Industry perspectives

"Today’s announcements provide certainty on when the LIBOR panels will end," said Nikhil Rathi, CEO of the FCA. "Publication of most of the LIBOR benchmarks will cease at the same time as the panels end. Market participants must now complete their transition plans."

"Today’s announcements mark the final chapter in the process that began in 2017, to remove reliance on unsustainable LIBOR rates and build a more robust foundation for the financial system," commented Andrew Bailey, governor of the Bank of England. With limited time remaining, my message to firms is clear - act now and complete your transition by the end of 2021."
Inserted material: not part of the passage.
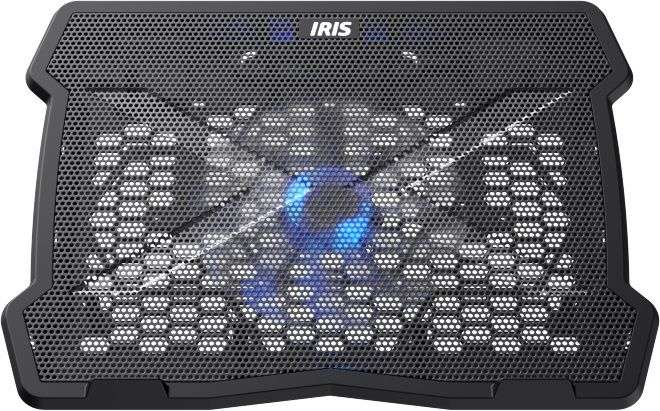 IRIS L-13 Notebook Hűtő Black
"Market participants have often cited a lack of firm deadlines and lack of clarity on cessation timelines as major hurdles in the move away from LIBOR," noted Andrew Gray, partner at PwC. "With today’s confirmation of the overall timeline and key mechanisms of its cessation, firms that may have been slowed by indecision should now be able to move into much-needed action. The continued publication of some USD LIBOR settings into 2023 will allow for additional time to remediate existing exposures and reduce the number of legacy contracts requiring remediation. However, the availability of USD LIBOR is expected to be limited to existing exposures. Today’s announcement also triggered the fixing of ISDA’s spread adjustment for all LIBOR settings, including those USD LIBOR settings expected to be published into June 2023. We expect to see market transition of legacy contracts accelerate post this date. The FCA’s subsequent confirmation on future consultations on tough legacy contracts in Q2 is also welcome news. The FCA’s steps to provide clarity on these contracts will support market participants in the transition."

"The end of this long transition road is clear," said Tom Wipf, Alternative Reference Rates Committee (ARRC) chairman and vice chairman of Institutional Securities at Morgan Stanley. "We now know when a representative USD LIBOR will end and what its associated spread adjustments will be in no uncertain terms. As the ARRC continues driving the transition to SOFR forward, we have a straightforward plan for how this will work: with no new USD LIBOR contracts by the end of this year and further time for many legacy contracts to wind-down."